PROBLEM REQUIREMENTS -
Could you transcribe exactly the lines below, from the line with "248 Brannon Forest" through the line with "Football Full Guide", and nothing else, leaving out the pictures?

DATA SHOWN -
____________

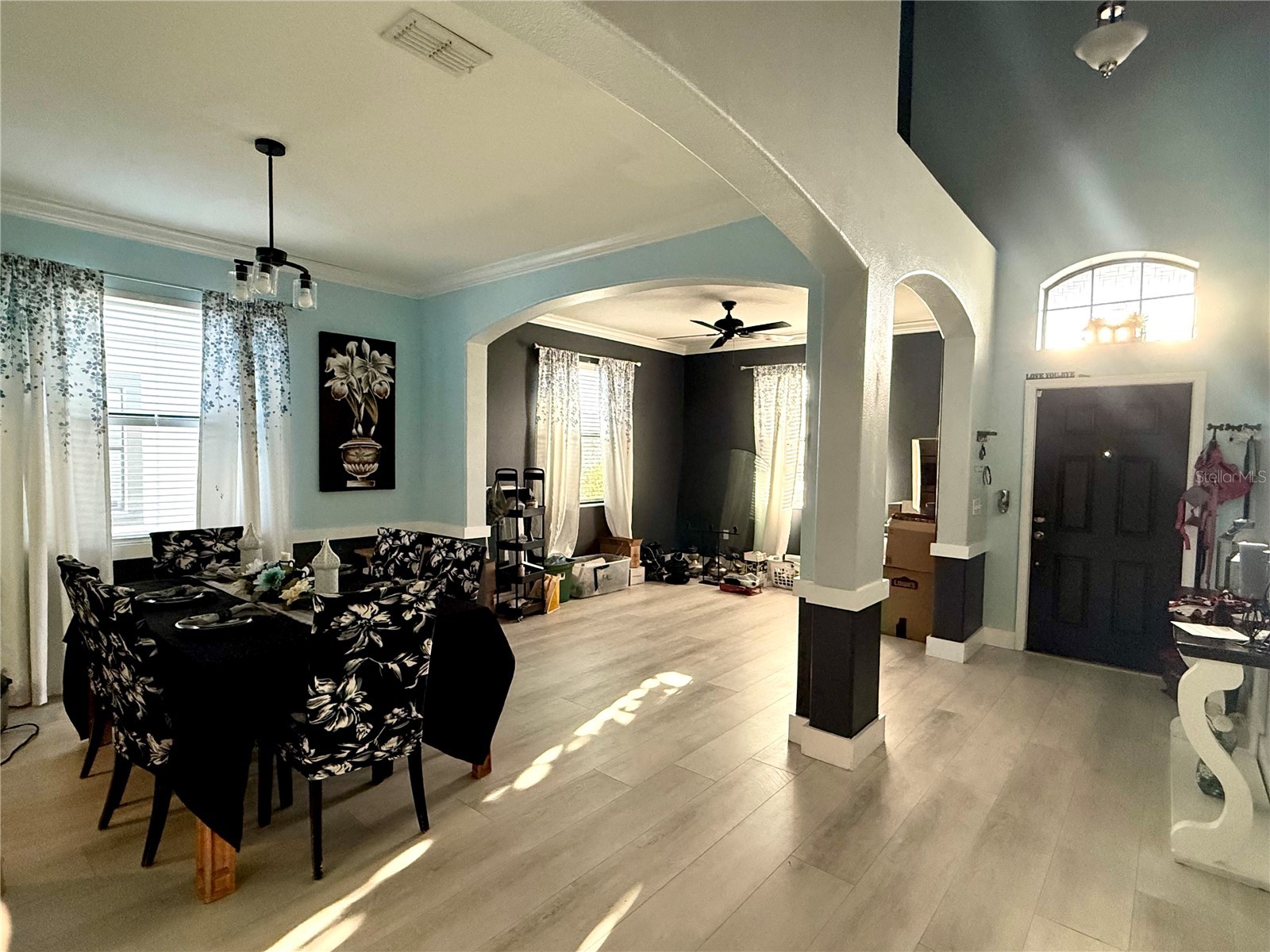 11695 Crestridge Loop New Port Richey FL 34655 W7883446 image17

____________

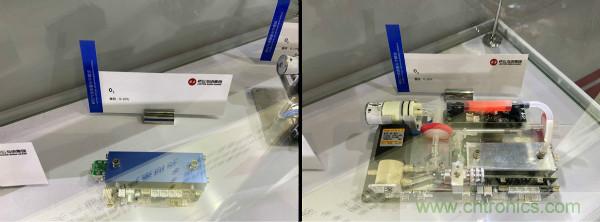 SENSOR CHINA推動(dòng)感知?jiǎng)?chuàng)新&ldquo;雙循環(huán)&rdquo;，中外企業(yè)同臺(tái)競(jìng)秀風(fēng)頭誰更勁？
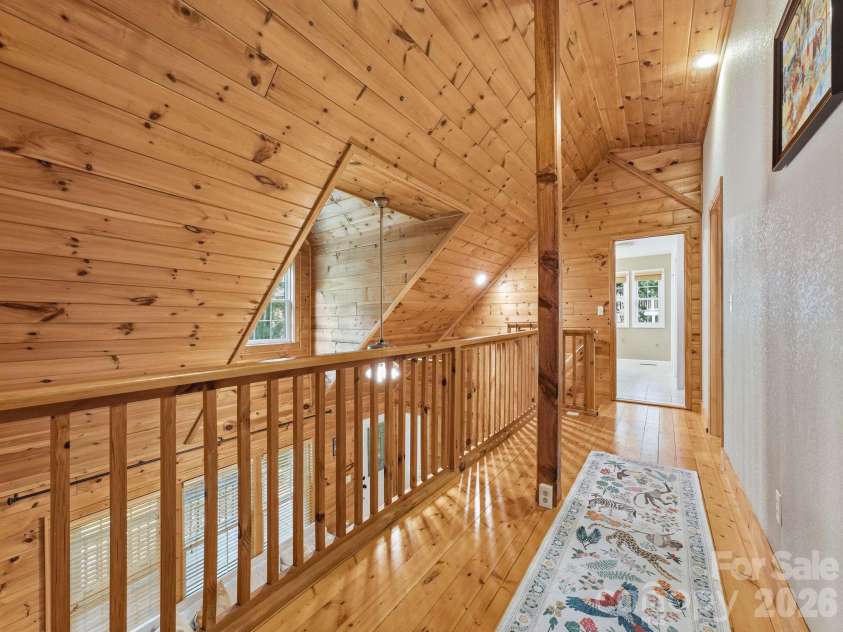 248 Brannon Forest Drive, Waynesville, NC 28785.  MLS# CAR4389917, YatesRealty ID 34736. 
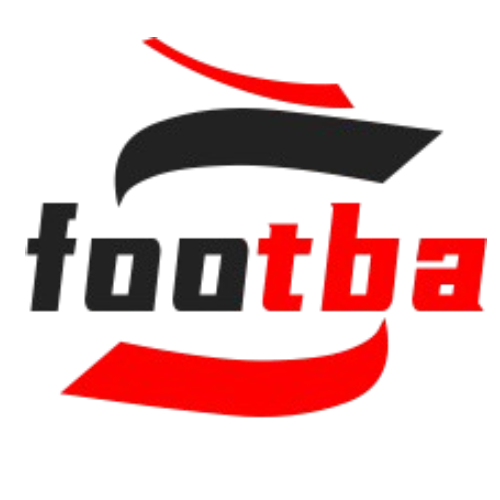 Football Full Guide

____________

RESULT FOR THIS EXERCISE -
 248 Brannon Forest Drive, Waynesville, NC 28785.  MLS# CAR4389917, YatesRealty ID 34736. 
 Football Full Guide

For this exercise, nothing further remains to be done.